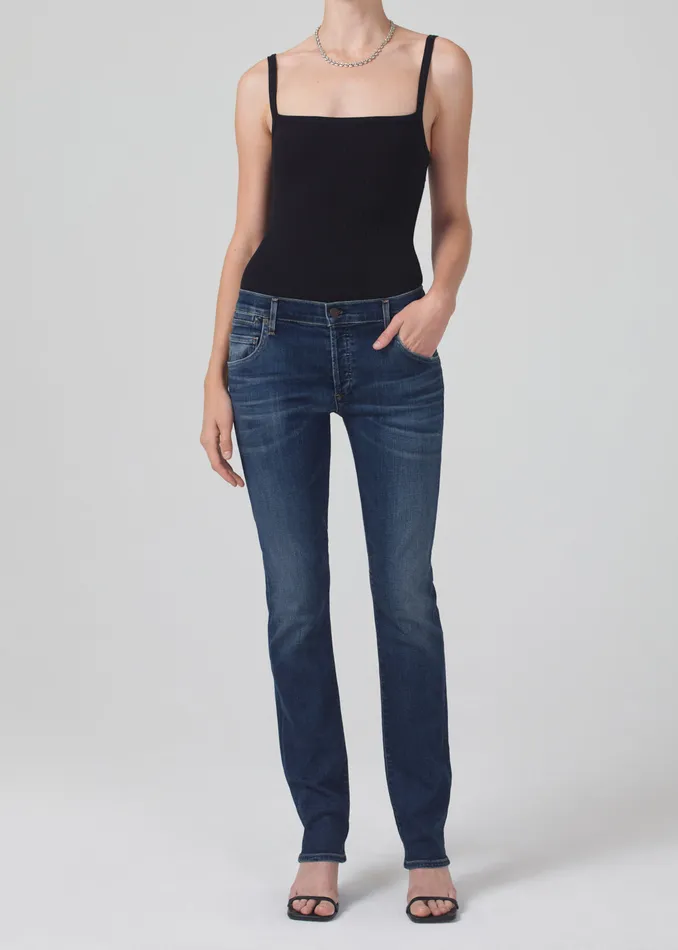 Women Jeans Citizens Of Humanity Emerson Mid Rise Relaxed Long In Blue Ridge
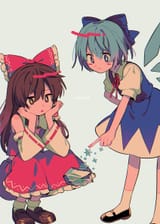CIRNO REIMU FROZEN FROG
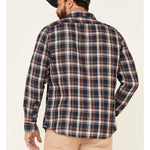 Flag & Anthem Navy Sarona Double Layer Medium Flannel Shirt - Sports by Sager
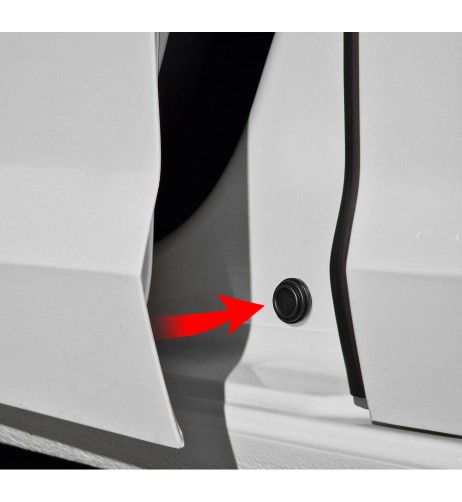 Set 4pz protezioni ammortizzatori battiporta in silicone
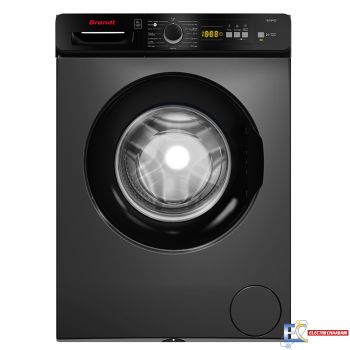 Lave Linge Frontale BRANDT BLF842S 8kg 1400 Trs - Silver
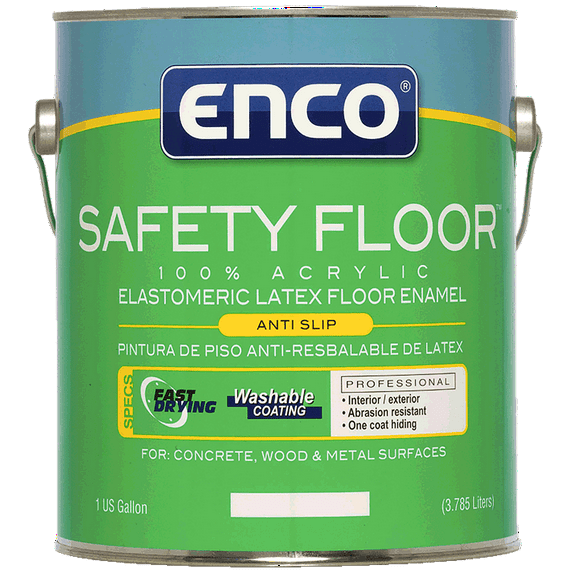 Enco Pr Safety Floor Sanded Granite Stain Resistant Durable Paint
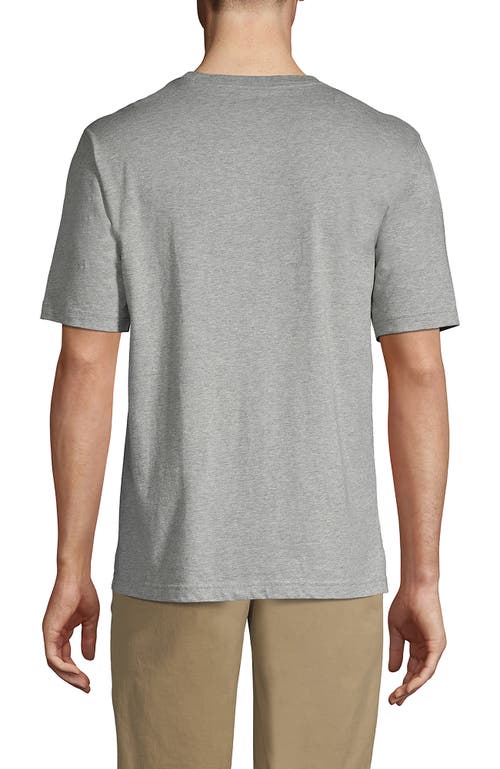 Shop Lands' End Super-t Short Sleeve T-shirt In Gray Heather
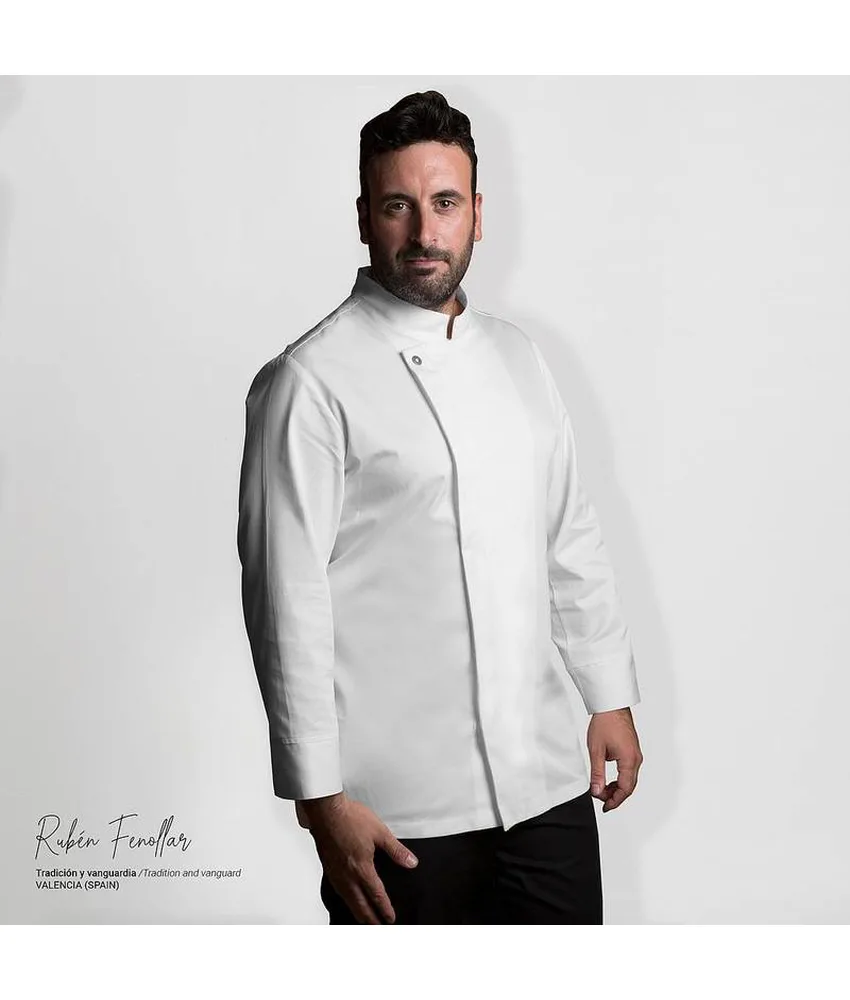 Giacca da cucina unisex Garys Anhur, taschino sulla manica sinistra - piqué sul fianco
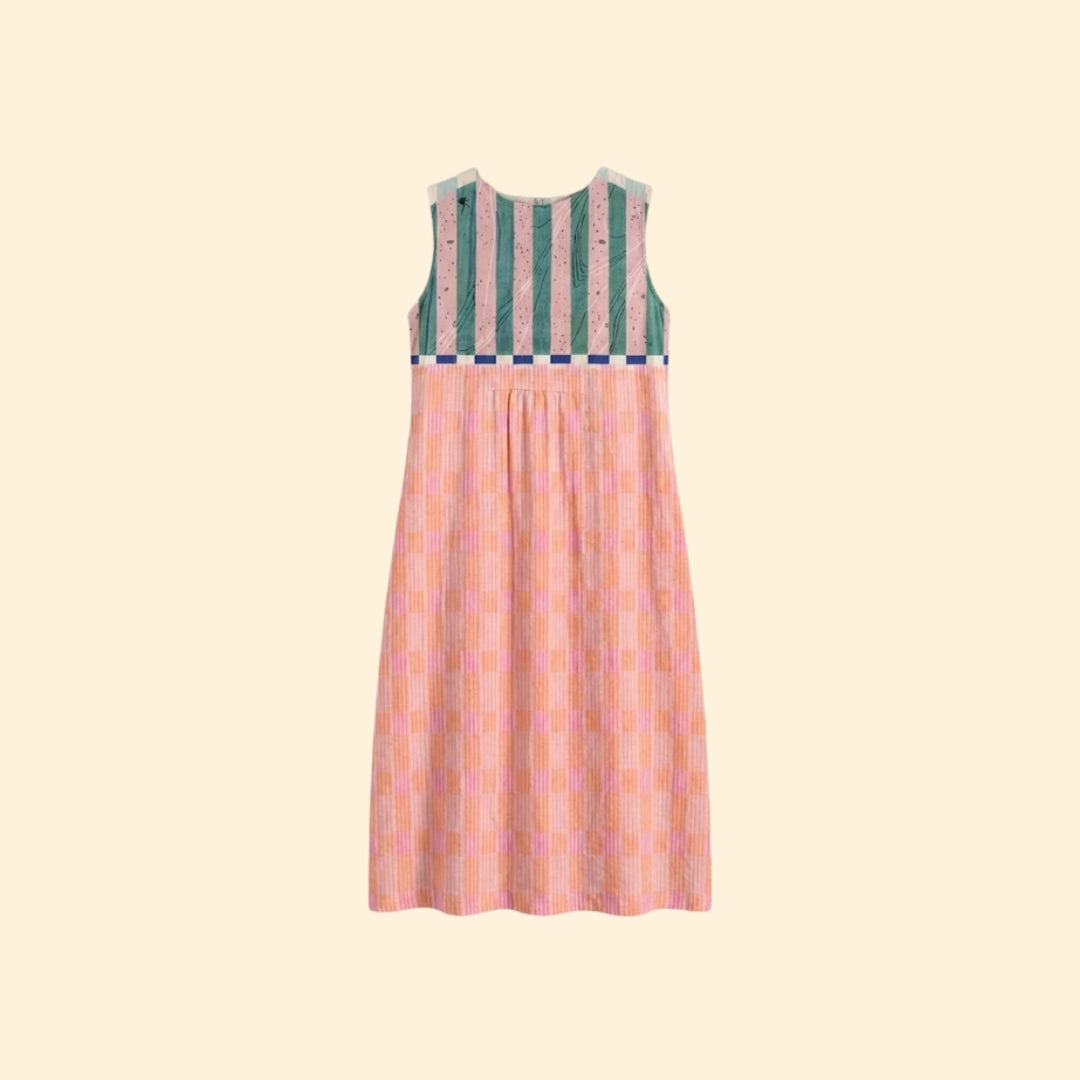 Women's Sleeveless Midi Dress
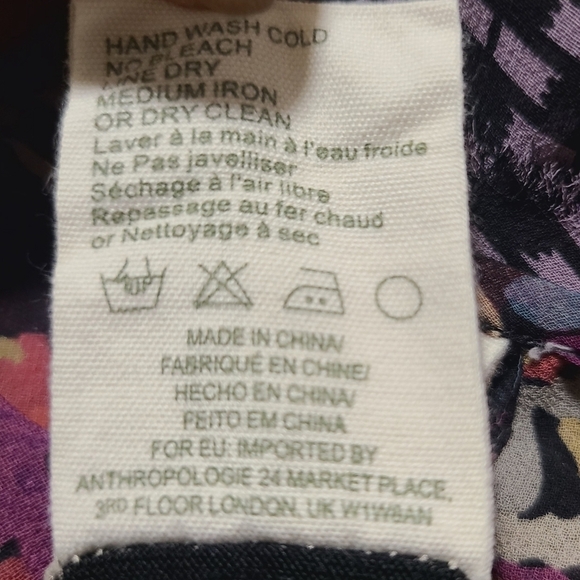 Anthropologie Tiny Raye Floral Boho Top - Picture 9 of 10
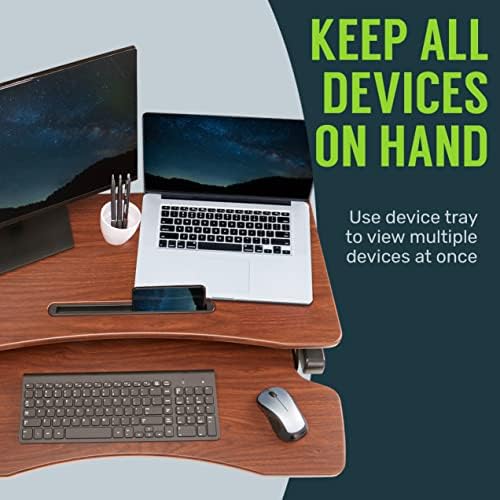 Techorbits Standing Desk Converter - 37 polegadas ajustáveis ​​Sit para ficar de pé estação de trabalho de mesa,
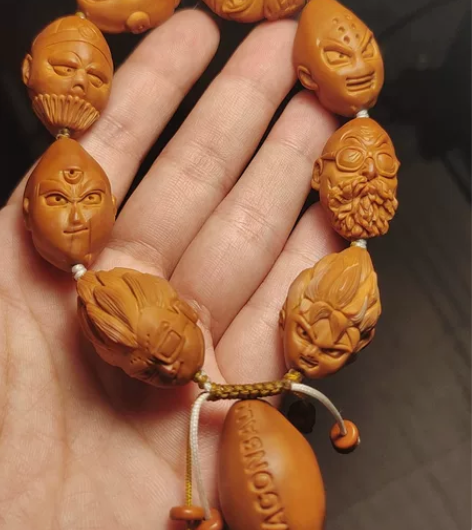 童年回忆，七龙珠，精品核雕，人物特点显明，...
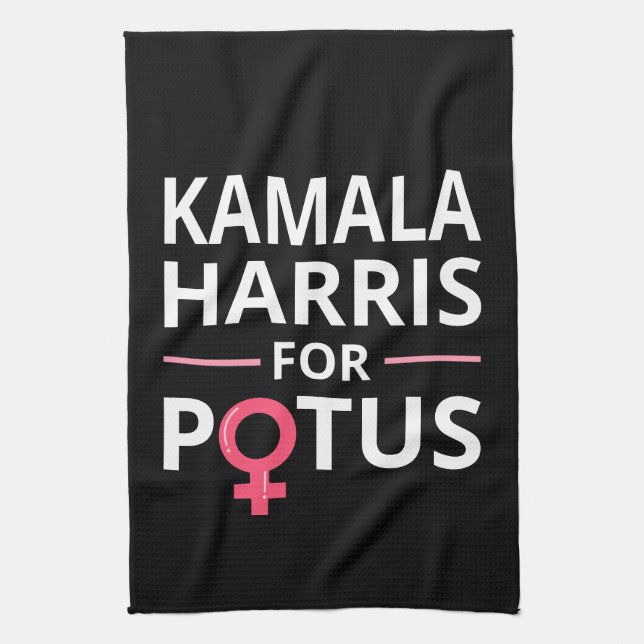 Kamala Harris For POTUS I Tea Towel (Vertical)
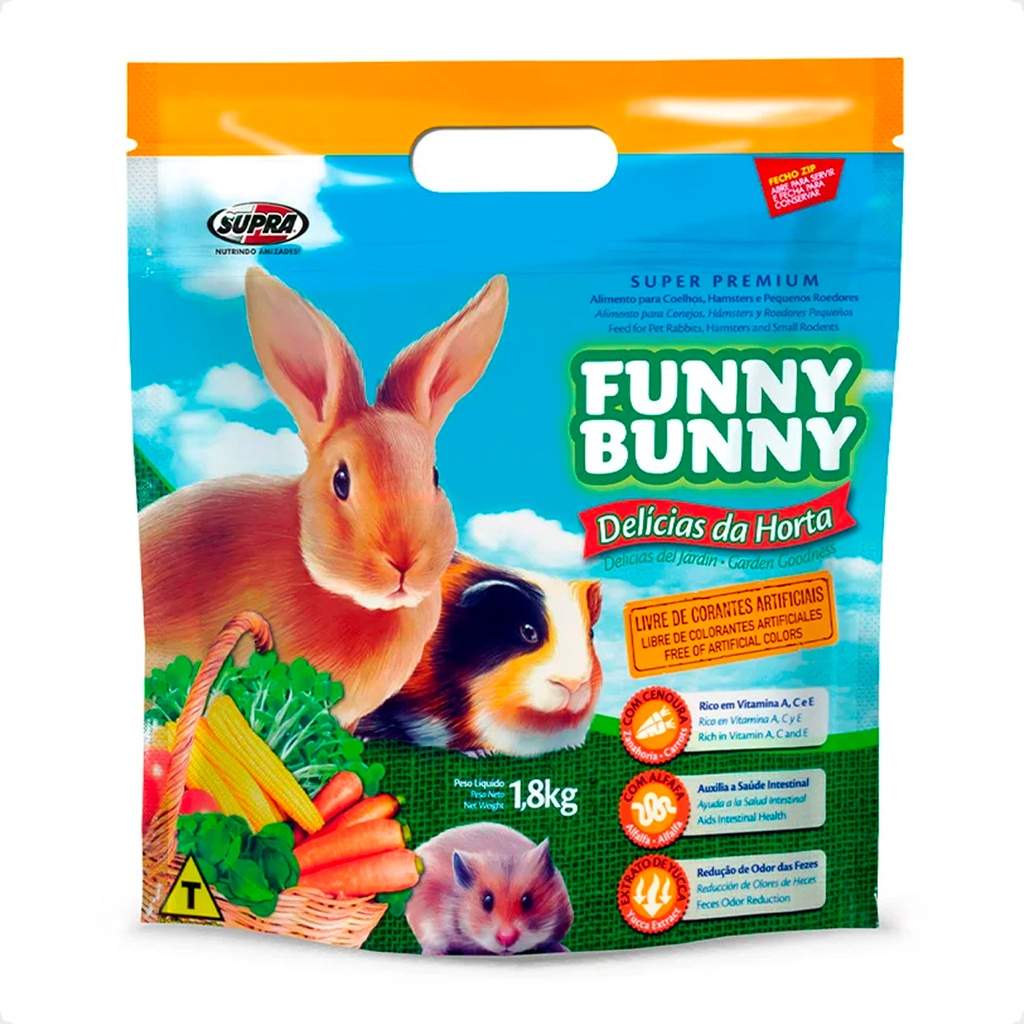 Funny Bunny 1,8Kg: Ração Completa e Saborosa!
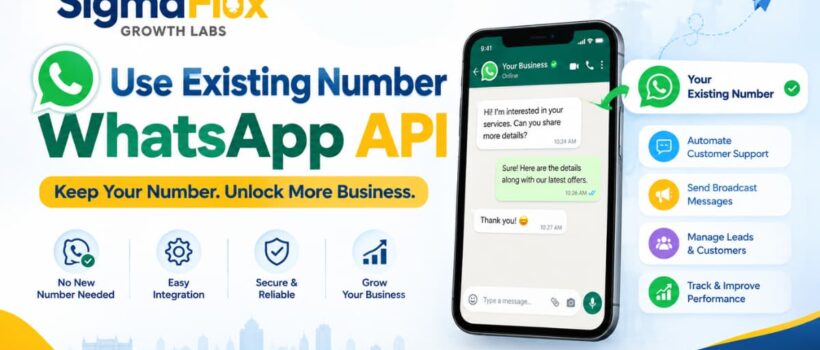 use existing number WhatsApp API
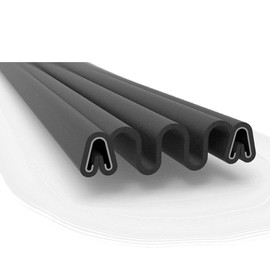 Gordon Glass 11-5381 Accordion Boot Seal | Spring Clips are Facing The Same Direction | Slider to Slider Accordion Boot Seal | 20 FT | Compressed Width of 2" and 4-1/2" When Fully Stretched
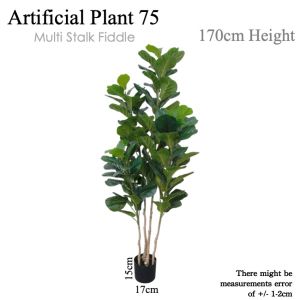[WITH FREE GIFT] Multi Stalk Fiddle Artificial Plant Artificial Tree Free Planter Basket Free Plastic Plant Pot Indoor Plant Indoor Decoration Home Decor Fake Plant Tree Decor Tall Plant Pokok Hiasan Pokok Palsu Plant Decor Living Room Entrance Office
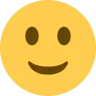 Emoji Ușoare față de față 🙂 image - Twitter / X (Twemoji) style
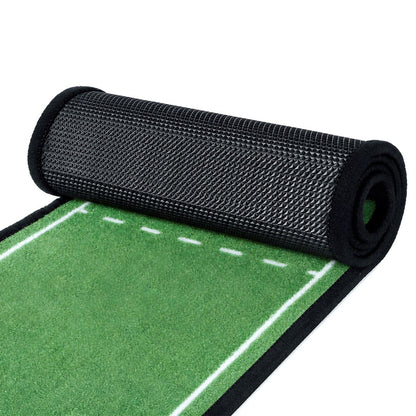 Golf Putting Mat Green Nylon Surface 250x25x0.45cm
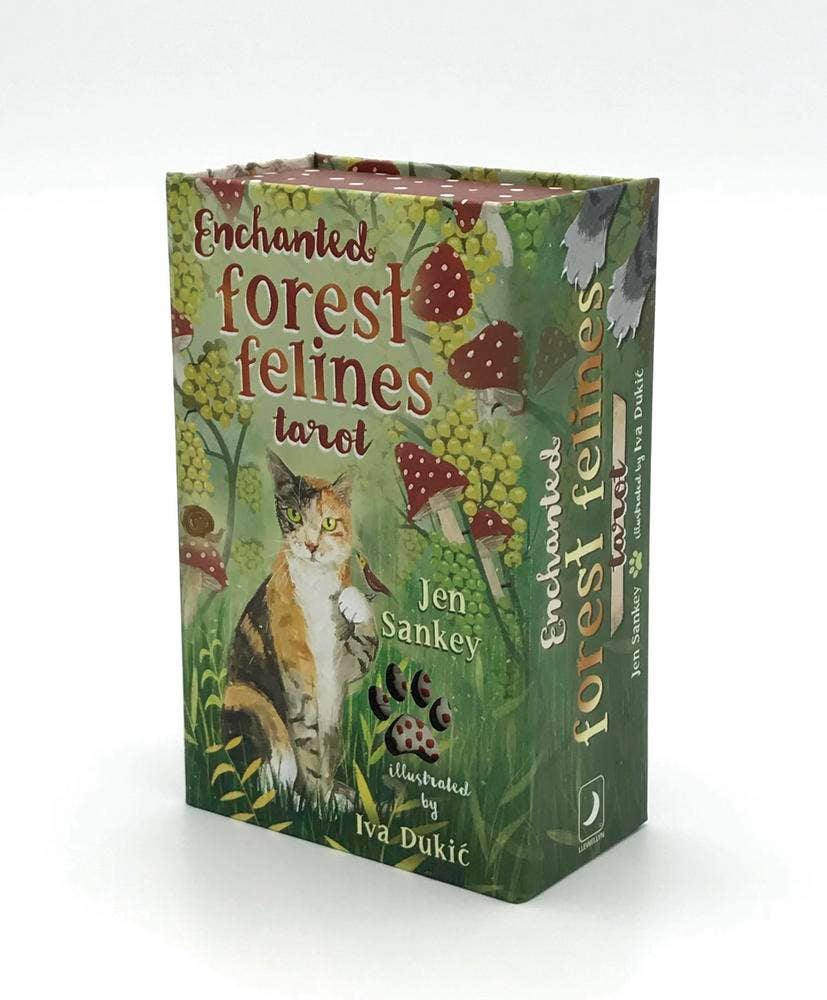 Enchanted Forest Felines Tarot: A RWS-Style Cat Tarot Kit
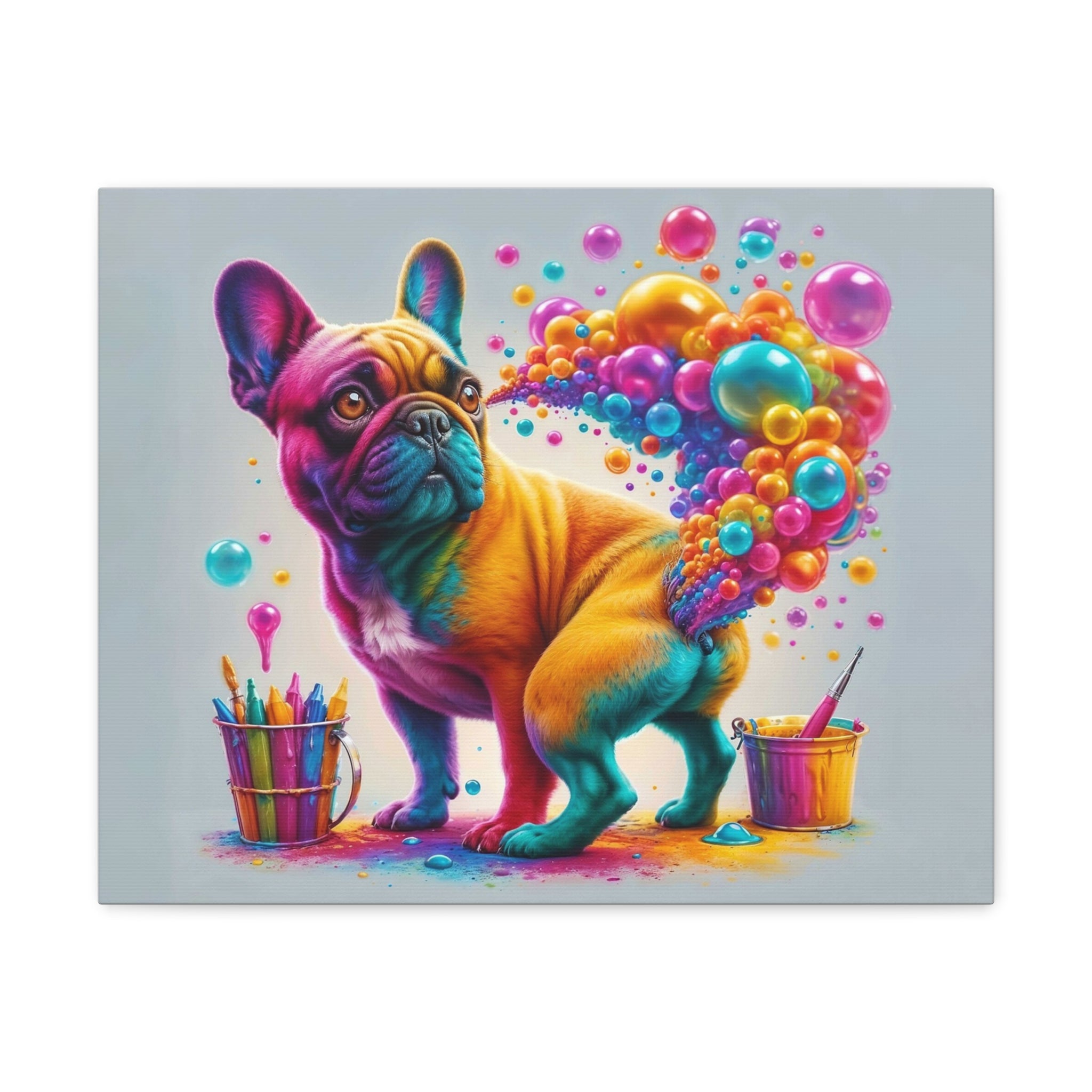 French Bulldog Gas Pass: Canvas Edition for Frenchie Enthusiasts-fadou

**Exercise requirements**
Extract from the material above the stretch running from the line containing "use existing number WhatsApp API" through the line containing "Emoji Ușoare față". Keep the text exact and the pictures out.

**Answer for this exercise**
 use existing number WhatsApp API
 Gordon Glass 11-5381 Accordion Boot Seal | Spring Clips are Facing The Same Direction | Slider to Slider Accordion Boot Seal | 20 FT | Compressed Width of 2" and 4-1/2" When Fully Stretched
[WITH FREE GIFT] Multi Stalk Fiddle Artificial Plant Artificial Tree Free Planter Basket Free Plastic Plant Pot Indoor Plant Indoor Decoration Home Decor Fake Plant Tree Decor Tall Plant Pokok Hiasan Pokok Palsu Plant Decor Living Room Entrance Office
 Emoji Ușoare față de față 🙂 image - Twitter / X (Twemoji) style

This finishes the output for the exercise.